With deep gratitude,
Karen

20 Comments

  • Beth Mullins says:

    What a lovely blog friend! Most likely, she couldn’t think of anyone more deserving. The temporary spot is, well, perfect!

  • Betsy says:

    What a beautiful, light-filled spot for her! I’m sure she’ll be happy there.

  • Michele Dixon says:

    What a wonderful gift. The temporary space is fantastic. Love all the light and of course, our beautiful Texas views. Congratulations.

  • That is something I’ve wanted to do too – drawloom weaving. I heard that Glimakra is designing a drawloom attachment right now that will fit their little Julie countermarche loom. Eager to see and hear about your new adventure!

    • Karen says:

      Hi Lynette, I have so much to learn. It will be an adventure indeed. I’m glad to hear that you’re interested.

      I know you can put a drawloom on the Ideal, but I hadn’t heard that about the Julia.

      Happy weaving,
      Karen

  • Annie says:

    I saw my first drawloom this past weekend at Heritage Fair in Waco. The loom was so big and tall! A hangar is a good place for one. I couldn’t even begin to figure out how to weave with it. I am looking forward to hearing and seeing your adventures on this, Karen.

    • Karen says:

      Hi Annie, That’s the very loom that got me interested in drawloom weaving! My three times of weaving at Homestead on that loom got me hooked.

      Happy weaving,
      Karen

  • Wow!!
    So much to learn. I look forward to your posts as you explore the new loom.

    Nannette

  • Vivian says:

    Wonderful big step! Wonderful story! Thank you

  • Janet says:

    Karen
    I am also looking for a drawloom or a suitable loom I can convert, if you should come across one in the future would appreciate if you keep me in mind.
    Janet

    • Karen says:

      Hi Janet, Where do you live? I’ll let you know if I hear of anything.
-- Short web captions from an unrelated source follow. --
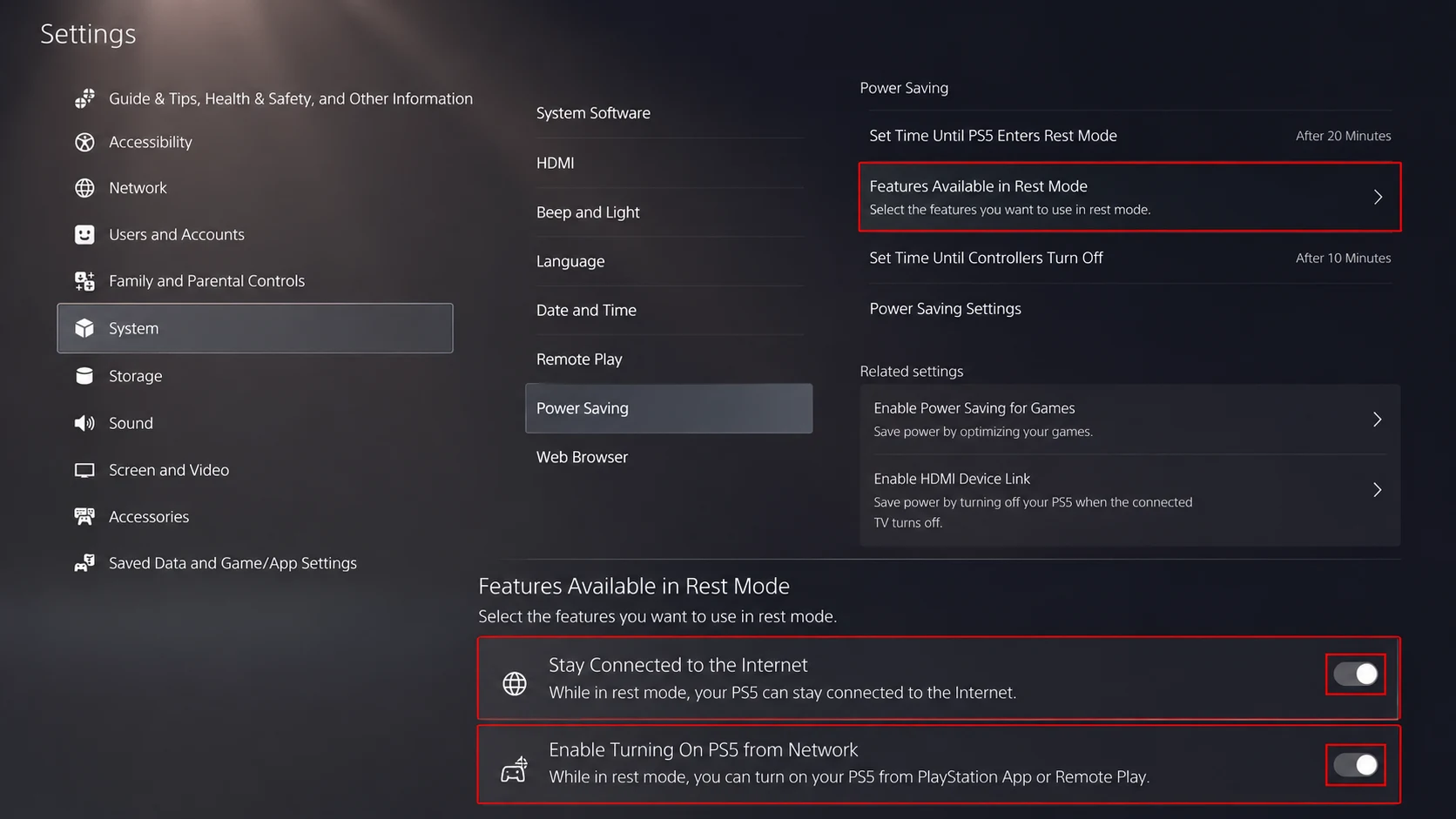 features available in rest mode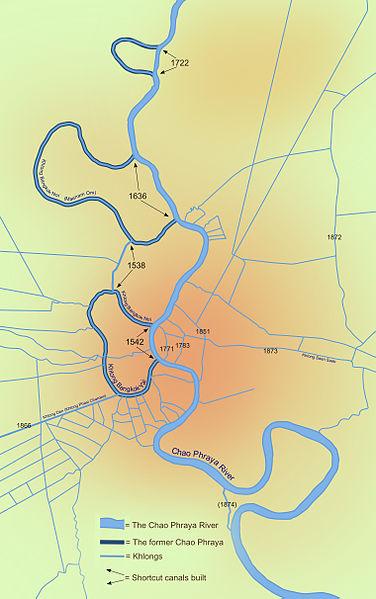 Bangkok's major canals are shown in this map detailing the original course of the river and its shortcut canals.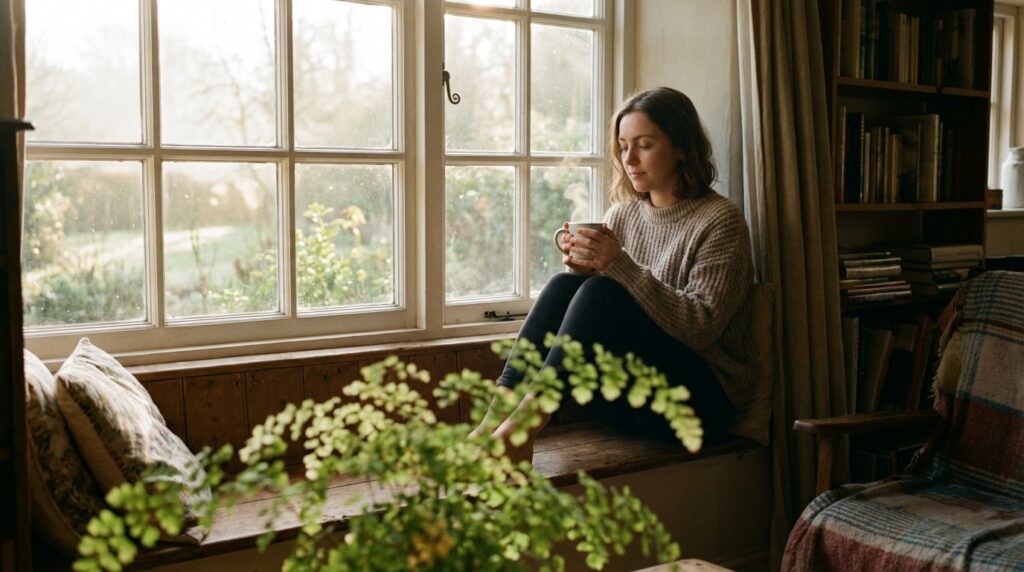 אישה מביטה החוצה בחלון באור טבעי, מסמלת תקווה והתמודדות עם שחלות פוליציסטיות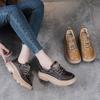 Women's Genuine Leather Retro Lace-Up Sneakers with Thick Soles - Spring Casual Cowhide Loafers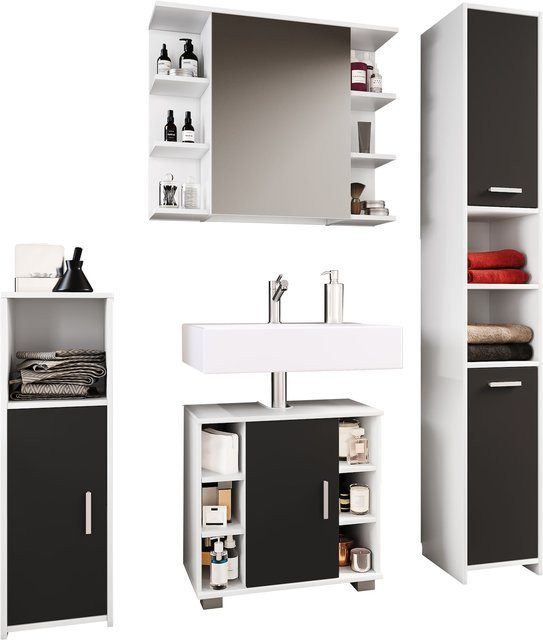 VCM Badmöbelset Zalo II in Weiß und Schwarz, 4-teiliges Badezimmer-Set bestehend aus Unterschrank, Midischrank, Hochschrank und Spiegelschrank, B/H/T: 140 x 180 x 30 cm - Bild 1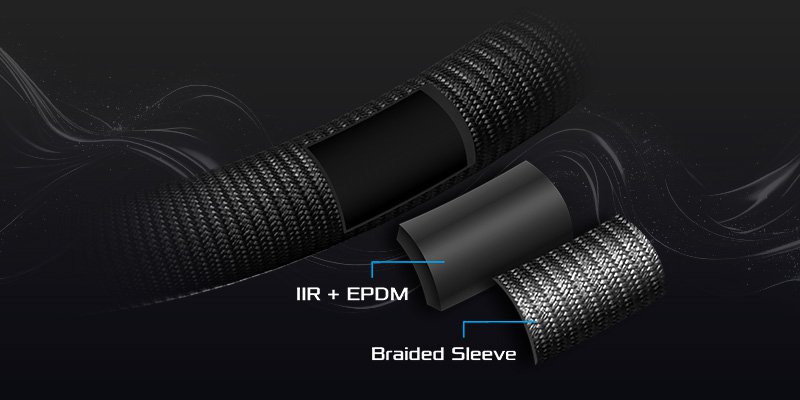 Industrial-Grade IIR+EPDM Sleeved Tubing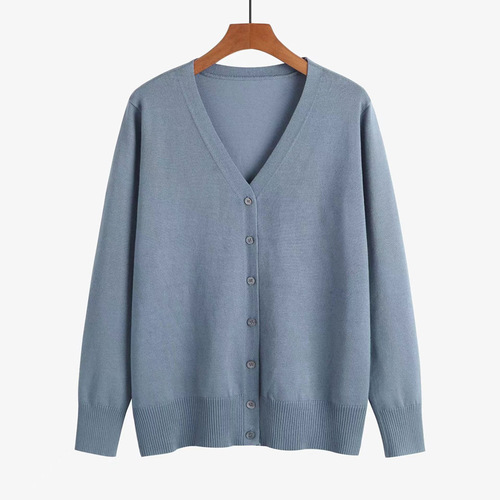 Spring new V-neck wool knitted cardigan for women, loose, simple and versatile long-sleeved button top jacket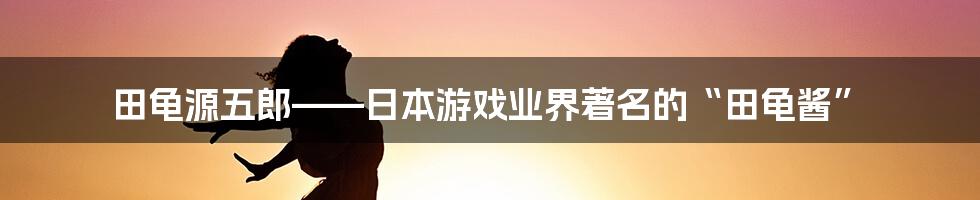 田龟源五郎——日本游戏业界著名的“田龟酱”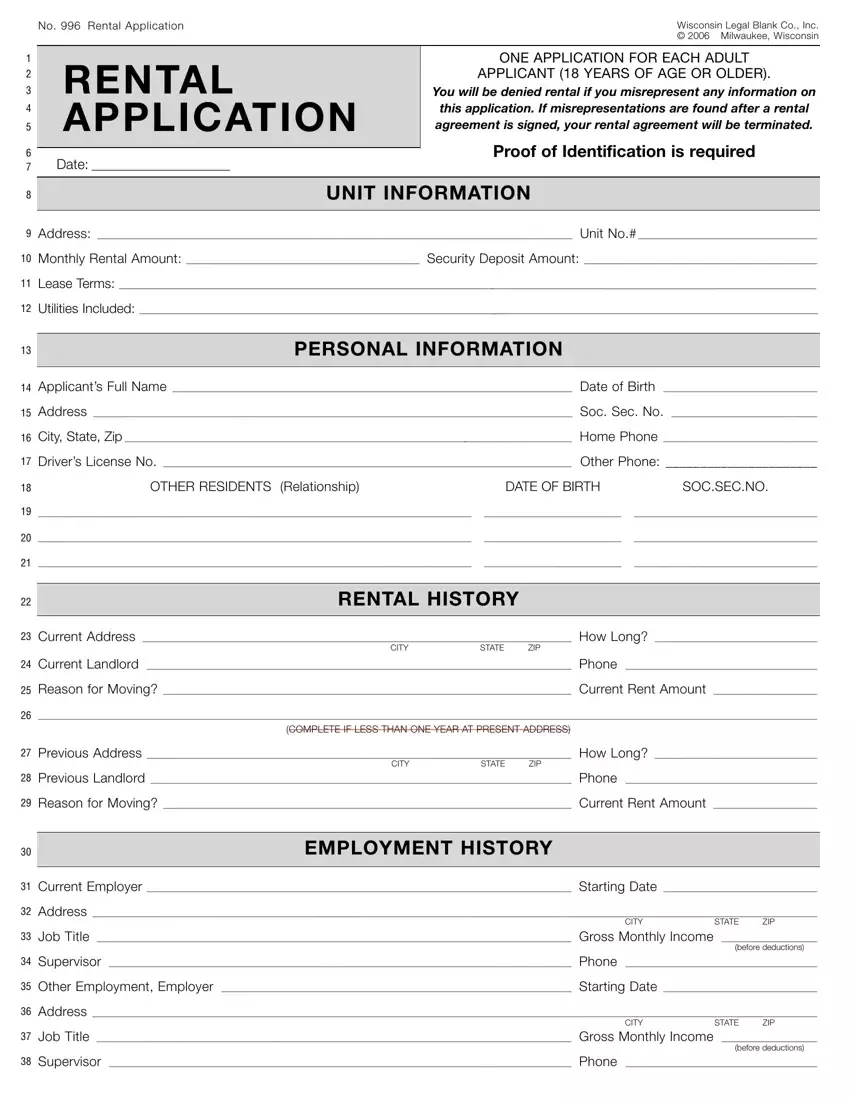 Wisconsin Rental Application first page preview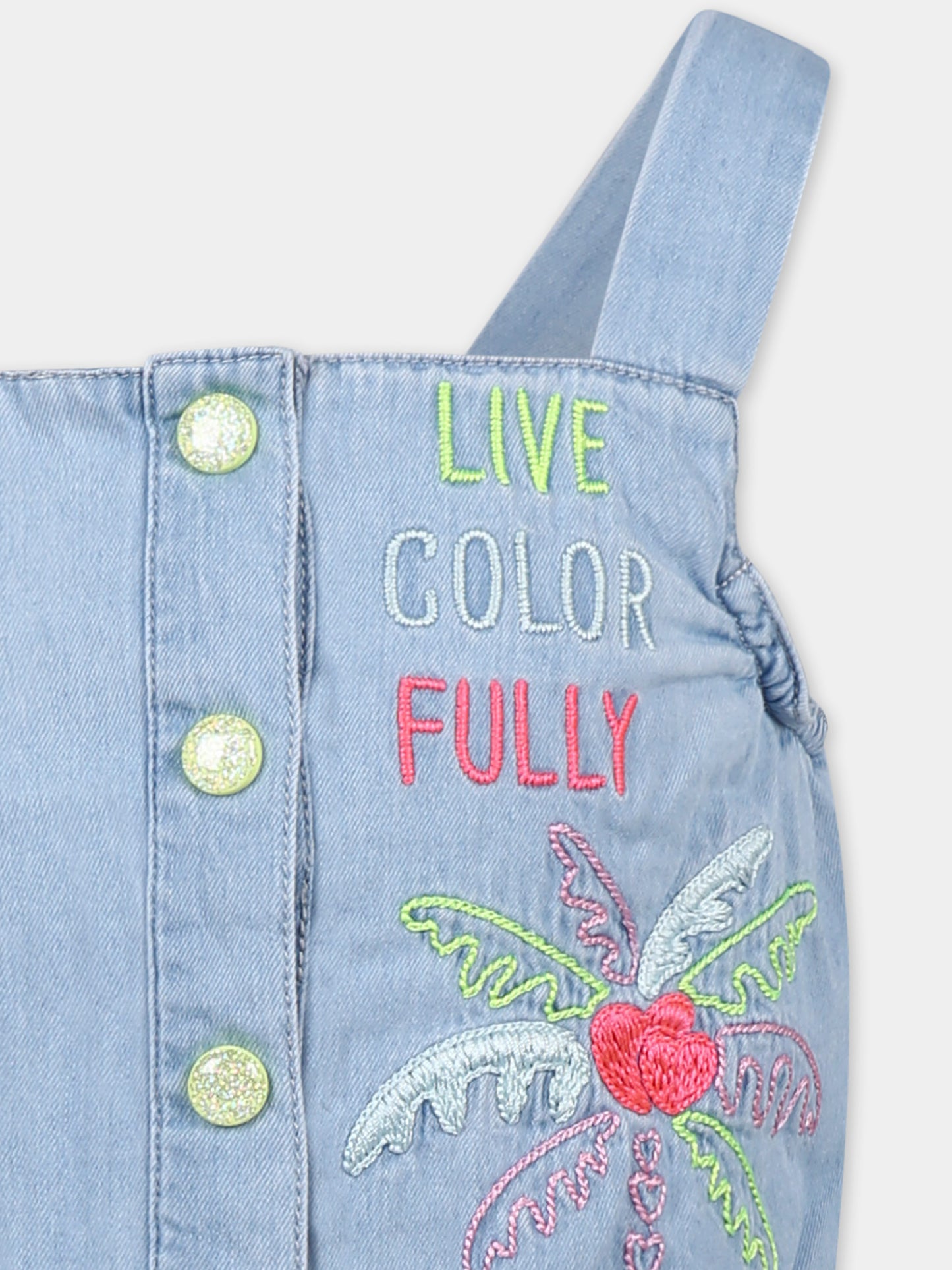 Jumpsuit denim per bambina con palma,Billieblush,U20847 Z04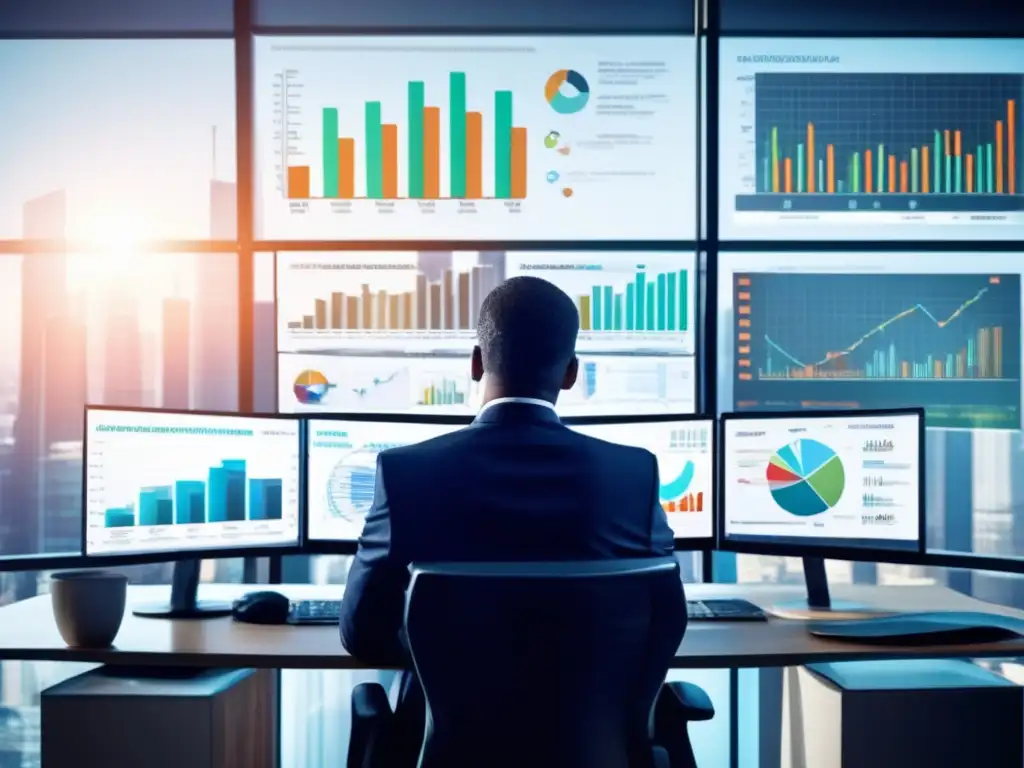 Analista financiero en oficina moderna Empresario analizando inversiones con sesgo de confirmación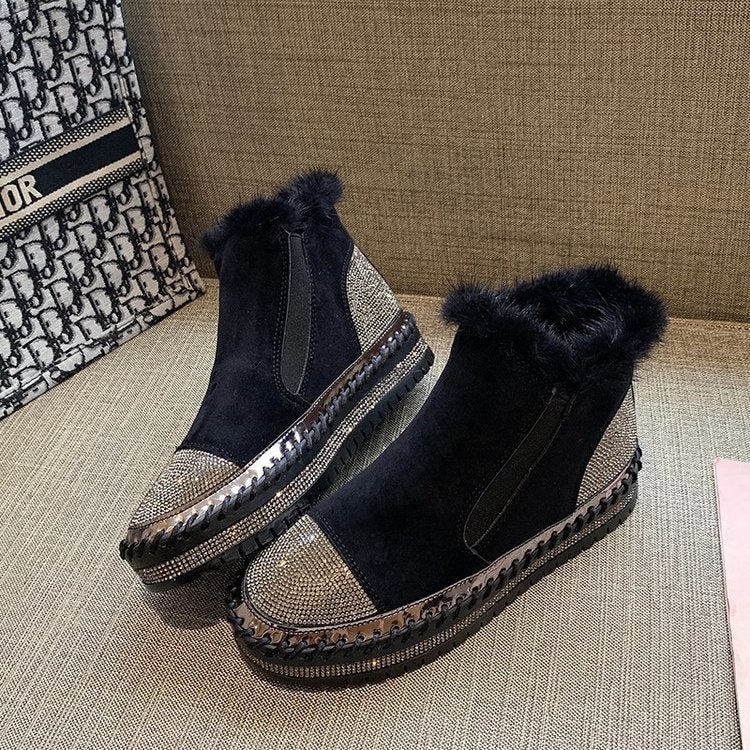 Hairy shoes women's outer wear winter 2021 new thick-soled rhinestone high-top lazy fashion boots women velvet woman boots Wool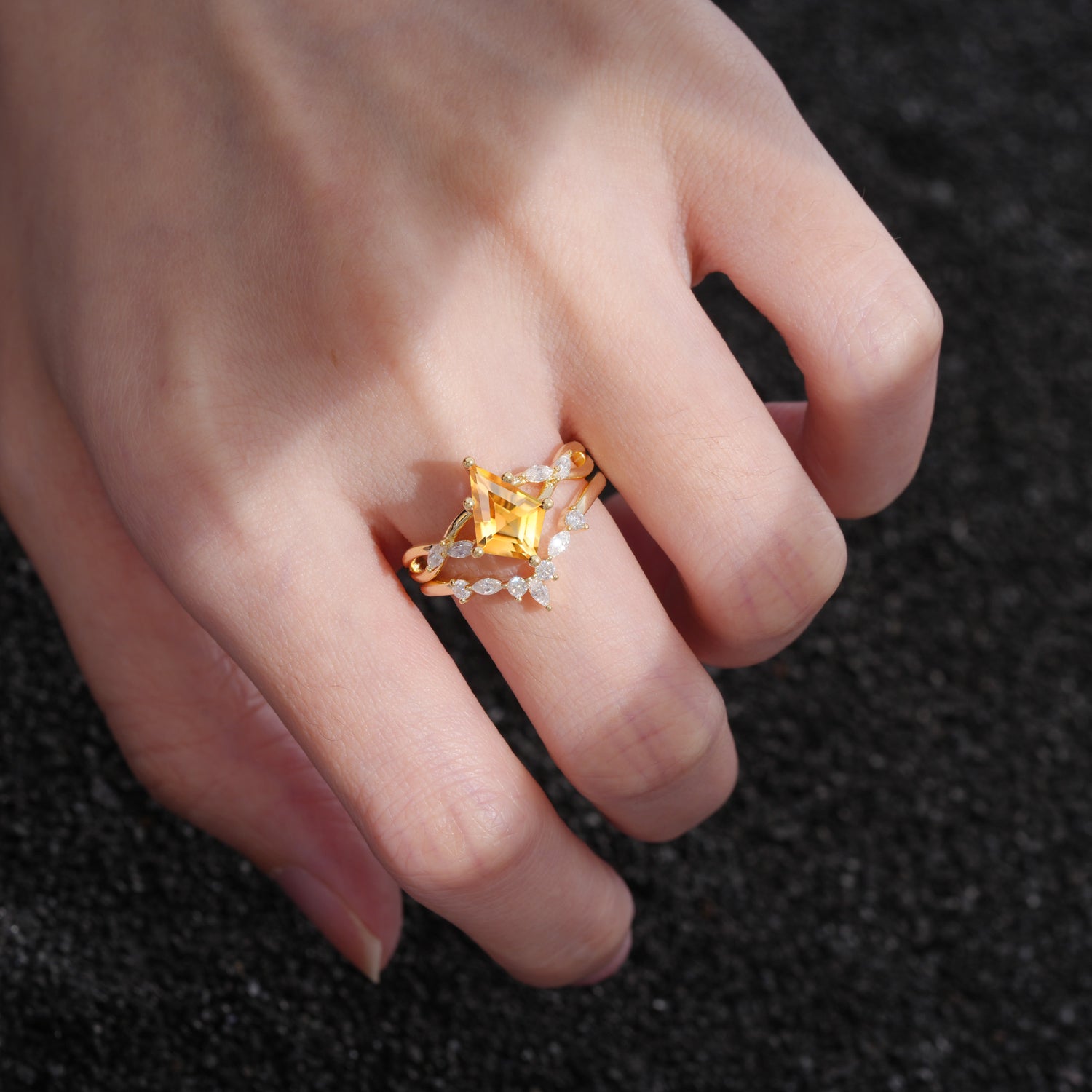 Vintage Twisted  Kite Cut Citrine Bride Ring Set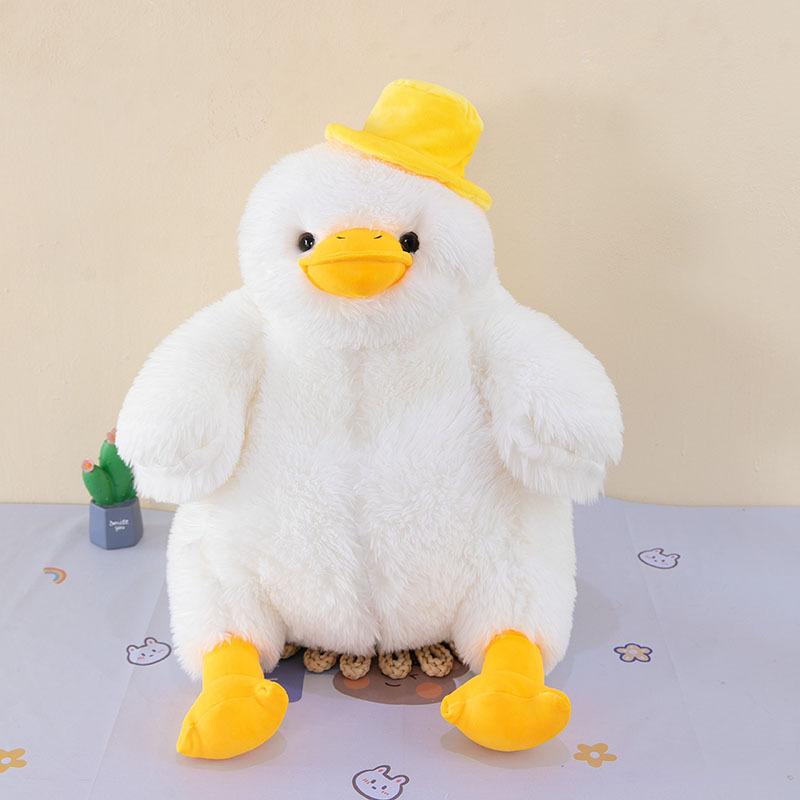Lindo peluche de pato frito, lindo cojín suave para dormir, juguete de peluche, peluche de pato amarillo grande, regalo de cumpleaños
      This gives me a great idea for a future post – Where to look for used weaving equipment.

      Thanks,
      Karen

  • Janet says:

    I’m just down from Red Scottie fibers but willing to take a road trip. Thanks Karen, still loving the rug I made with you at Debbie’s 🙂

  • Ruth says:

    Thank you for another wonderful post. The first few pictures remind me of my recent purchase, move and set up of my Glimakra loom. You inspired me to learn to weave on a Glimakra loom and I took the plunge. I’m close to finishing setting at my “new” loom and taking her for a test spin – just tying up treadles is left and we are ready to go (I think). It is always a pleasure to learn from you. Blessings, Ruth

    • Karen says:

      Hi Ruth, That’s Fantastic! Oh, you have a wonderful learning journey in front of you. Enjoy the ride!

      Let me know if I can assist in any way!